How states can enforce social media age limits without sacrificing privacy
pixdeluxe via Getty Images
COMMENTARY | For state lawmakers across the nation, the debate isn’t whether to act on children’s online safety, but how to best enforce protections.
Concerns are mounting over social media’s impact on children’s well-being. Today, kids spend an average of 5 to 7 hours per day on screens, and the unrestricted nature of the internet has exposed them to a slew of dangers, like sexually explicit, drug-related content, cyberbullying and more. Research shows that excessive use of social media platforms in children has also been associated with mental health challenges.
For state lawmakers across the nation, the debate isn’t whether to act on children’s online safety, but how to best enforce protections.
As of August 2025, 13 U.S. states have passed laws restricting children’s access to social media with more on the way. While these laws may seem straightforward on the surface, implementation has been murky. How can sites verify who is underage without infringing on users’ privacy and making the sign-in process cumbersome? And how should platforms implement varying restrictions across a patchwork of different states?
A Flawed Age Verification Landscape
When many people think of online age verification, self-declaration methods come to mind. Often, this relies on a single question: “When is your birthday?” Passing these checks can be as easy as clicking a button or two. Mandated by the Children’s Online Privacy Protection Act, passed in 1998, these checks were designed for a different era of the internet, years before the first mainstream social media sites, such as Friendster, Myspace and Facebook, had even launched.
In recent years, more secure methods, like document verification, have emerged. This includes a user uploading a government-issued photo ID, which will be compared against a selfie that the user uploads. However, this method has its limitations. For one, many children do not have government IDs, making it impossible to verify their age against a trusted source.

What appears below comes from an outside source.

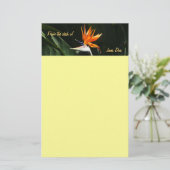 Vogelvogel van het Paradise Oranje Tropische Bloem Briefpapier (Staand voorkant)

Some advocates also warn that document verification may infringe on the rights of “legal” adult users and leave them exposed to privacy vulnerabilities. These fears are not completely unfounded. Take, for example, the recent data breach of Tea, a women’s dating safety app. The breach exposed hundreds of ID photos and other personal data, leaving users vulnerable to harassment, online stalking and identity theft.
Platforms themselves have also expressed concern about the way many of these state laws are currently written. Bluesky, for example, blocked access for users of all ages in Mississippi, claiming that ID requirement laws in the state would “fundamentally change how users access Bluesky.” Bluesky also expressed concern about creating unique compliance systems for each jurisdiction. This signals a broader challenge: fragmented state policies may unintentionally create a checkerboard internet, complicating compliance for platforms and leaving regulators with uneven enforcement. Geolocation can be used to determine exactly where a user access request is coming from – and therefore, what age restrictions may or may not need to be upheld given the laws of individual states – but VPNs make this very easy to bypass.
For state leaders, the question becomes: How do you balance the legitimate goal of child safety with the operational realities of enforcement?
A Smarter Path Forward
Age verification tools aren’t failing us; what’s failing is the mindset behind the government’s enforcement and platforms’ implementation. Too often, platforms treat age verification as a regulatory hurdle or “a compliance check” rather than a core component of user safety. The “move fast and break things” approach may help tech companies scale – but when kids’ lives are at stake, platforms need to be secure by design.
States have an opportunity to shift the conversation by offering implementation guidelines. Any company storing sensitive data – not just banks or government agencies – needs to think and act like an identity verification provider, ensuring that safety is a core feature, not an afterthought. This is a win-win for everyone involved: States can keep their younger constituents safe; older, authorized users can enjoy privacy; and online platforms can safeguard their reputation and avoid costly breaches.
Legislators should also consider emerging technologies as a potential solution. Artificial intelligence-powered age estimation technology is a good example. This tech uses biometric analysis of a user’s facial features to estimate a user’s age. No sensitive personal documents are required, and the biometric data is discarded immediately after it is used. It’s a great low-friction supplement for platforms looking to strengthen compliance without overburdening users or exposing them to privacy risks.
State leaders are right to act on the risks social media poses to children, but fragmented rules and outdated verification tools create real challenges for both regulators and platforms. By looking toward AI-enabled solutions and promoting a secure-by-design framework, governments can help ensure that child safety laws are effective, privacy-preserving, and scalable. With the right guidance and technologies, state legislators can lead the way.